In June 2024, Eliem was added to the Russell 2000® Index and the broad market Russell 3000® Index as part of the annual reconstitution of the Russell stock indexes. The Russell indexes are widely used by investment managers and institutional investors for index funds and as benchmarks for active investment strategies.

Exhibit 99.1

Eliem plans to host an Investor Day later this year to provide a comprehensive update on its corporate and budoprutug development strategy.

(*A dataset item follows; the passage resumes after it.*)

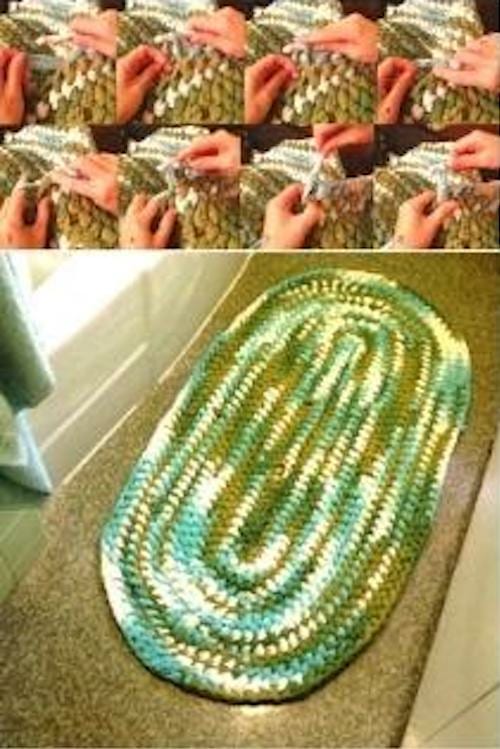 Tressez des morceaux de vieux draps pour faire un tapis de salle de bain.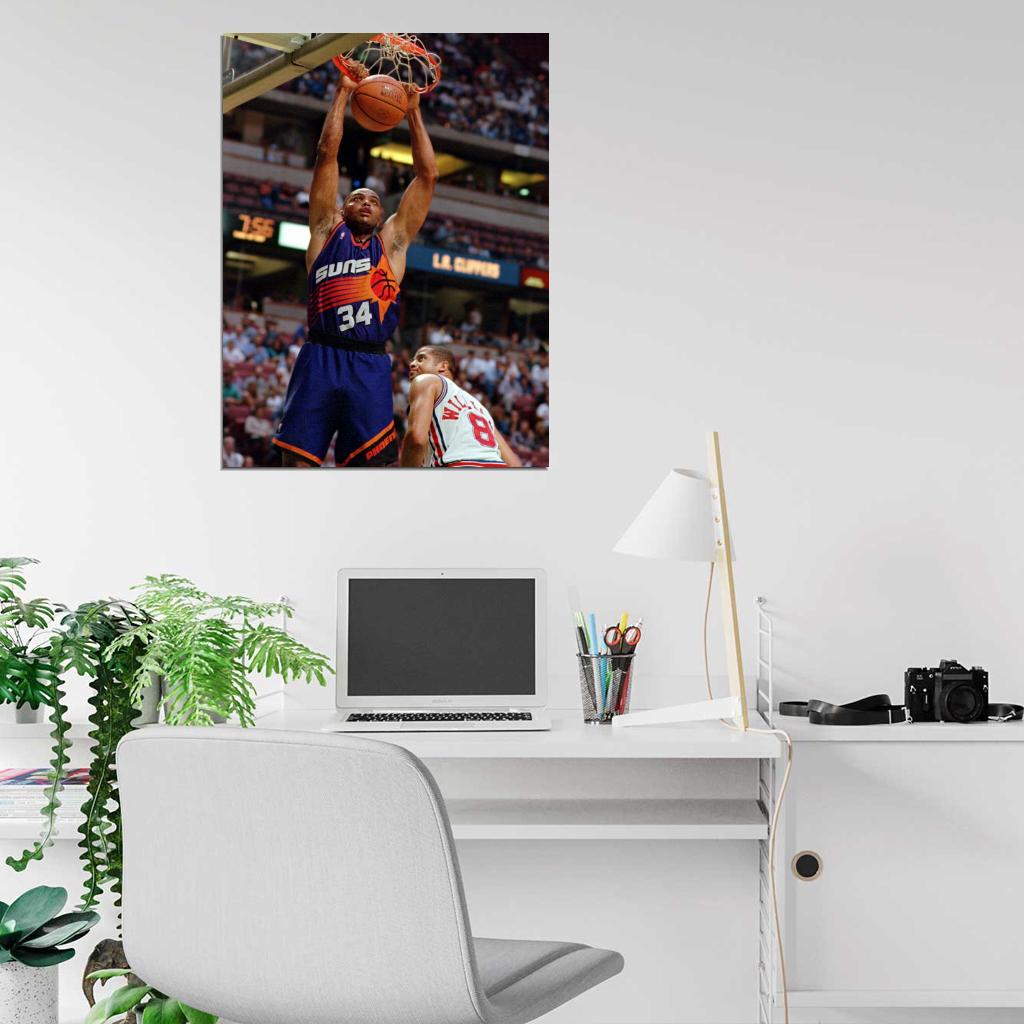Charles Barkley Dunk Retro Vintage Basketball Sport Wall Art Print Poster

Financial Results for the Three and Six Months Ended June 30, 2024

Cash Position: Cash and cash equivalents were $223.1 million as of June 30, 2024, as compared to cash, cash equivalents, and marketable securities of $106.8 million as of December 31, 2023.
Acquired In-Process Research and Development expense: Acquired in-process research and development expense was $51.7 million for the three and six months ended June 30, 2024 resulting from the Company’s acquisition of Tenet Medicines.
Research and Development (R&D) expenses: R&D expenses were $1.0 million for the three months ended June 30, 2024, compared to $3.7 million for the same period in 2023 and $2.1 million for the six months ended June 30, 2024, compared to $9.4 million for the same period in 2023.
General and Administrative (G&A) expenses: G&A expenses were $3.7 million for the three months ended June 30, 2024, compared to $3.0 million and for the same period in 2023 and $5.6 million for the six months ended June 30, 2024, compared to $20.7 million for the same period in 2023.
Other income, net: Other income, net was $1.5 million for the three months ended June 30, 2024, compared to $1.5 million for the same period in 2023 and $2.8 million for the six months ended June 30, 2024, compared to $2.6 million for the same period in 2023.
Net loss:
o
Net loss was $54.9 million for the three months ended June 30, 2024, compared to $5.2 million for the same period in 2023 and $56.6 million for the six months ended June 30, 2024, compared to $27.5 million for the same period in 2023.
o
Net loss for the six months ending June 30, 2023 included restructuring costs of $16.5 million, of which $1.8 million was included in R&D expenses and $14.7 million in G&A expenses.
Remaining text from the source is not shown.